Ce matin, après des semaines à lutter vaillamment contre des avaries sérieuses, Sébastien Destremau a jeté l’éponge. Le skipper de Merci fait route depuis ce matin vers le port de Dunedin, dans l’île Sud de la Nouvelle-Zélande, ou vers Christchurch, plus facile d’accès et où il trouvera le matériel pour réparer. Devant, c’est l’heure du match retour contre le pot au noir !

C’était trop…

Sébastien Destremau sera allé au bout de son aventure, avec une patience et une opiniâtreté épatantes. Parti en course après avoir obtenu des délais supplémentaires pour mettre son bateau à la jauge, le skipper de Merci a travaillé jusqu’aux dernières heures avant le départ, installant une casquette de carton qui devait le protéger des déferlantes liquides sur son bateau. C’est bien connu, les ennuis volent en escadrille et, pour le coup, c’est une flotte entière qui est passée au-dessus de sa casquette de fortune. Parti avec l’intention d’y aller piano, à la mesure de la préparation imparfaite de son Merci, le Toulonnais n’était pas en mer depuis deux jours qu’il montait déjà au mât. Sur sa route, il aura croisé « des emmerdes de routine » (un lazy jack défaillant, une inondation, une panne d’électronique), des soucis d’hydraulique de quille, d’anémomètre et, dès les mers du sud, des soucis autrement plus préoccupants : son pilote automatique, infernal feuilleton pour un solitaire, puis de nouveau sa quille et ses systèmes de barre, le principal comme le secondaire. Plusieurs fois, le dernier du Vendée Globe 2016-2017 a annoncé son intention de renoncer et, plusieurs fois, il a trouvé les ressources pour repartir. Jusqu’à ce samedi, où Seb Destremau a dressé le constat ce samedi, qu’il ne pouvait plus poursuivre sa route sans se mettre réellement en danger dans les eaux du Pacifique.

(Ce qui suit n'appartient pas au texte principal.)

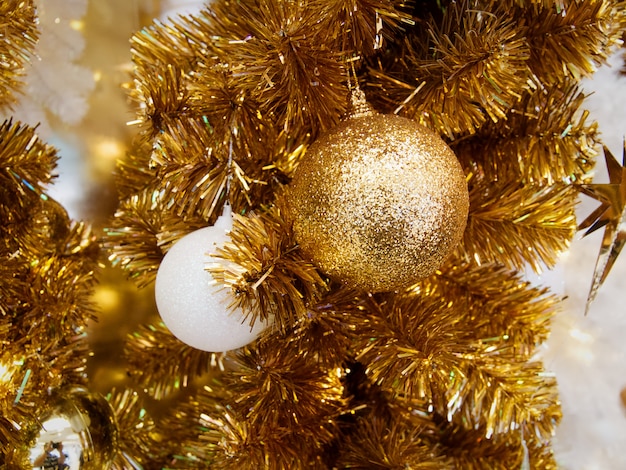 Close-up Decorative Golden Ball Hanging on Golden Tree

Le navigateur-slammeur toulonnais a mis le cap sur la Nouvelle-Zélande depuis ce matin. Avec la direction de course, qui veille à sa mise en sécurité, il oscillait encore entre Dunedin et Christchurch pour refuge. Une dépression velue descend le long de la Nouvelle-Zélande ; il y a urgence à se mettre à l’abri, mais c’est à Christchurch qu’il trouvera le ponton et les chantiers navals adéquats.

Pour deux milles en plus

Au classement de 15 heures, Charlie Dalin (Apivia) comptait 2,1 milles d’avance sur Louis Burton (Bureau Vallée 2) qui accentue sa pression alors que se présente le pot au noir. Décalés en latéral de 35 milles, c’est ce dernier qui est tout à la fois le plus à l’ouest et le plus au nord. Dans la soirée, le duo de tête entrera dans le pot au noir, dans son ouest, ce qui est généralement synonyme d’un moindre mal, mais… « C’est toujours imprévisible avec des changements de vent en force et en direction assez subits, résumait Charlie Dalin. La nuit, il est souvent plus actif que le jour (et les leaders vont y passer de nuit, ndlr) et on verra comment cela se profile. Je dirais (si le pot au noir était un judoka, ndlr) qu’il est ‘ceinture bleue ou rouge’ : ce n’est ni un ‘ceinture noir’ ni un ‘ceinture verte’. Il a un bon niveau intermédiaire. Je suis en train d’ajuster mon positionnement Est / Ouest pour essayer de finaliser ma porte d’entrée. Après, on passera aux choses sérieuses ».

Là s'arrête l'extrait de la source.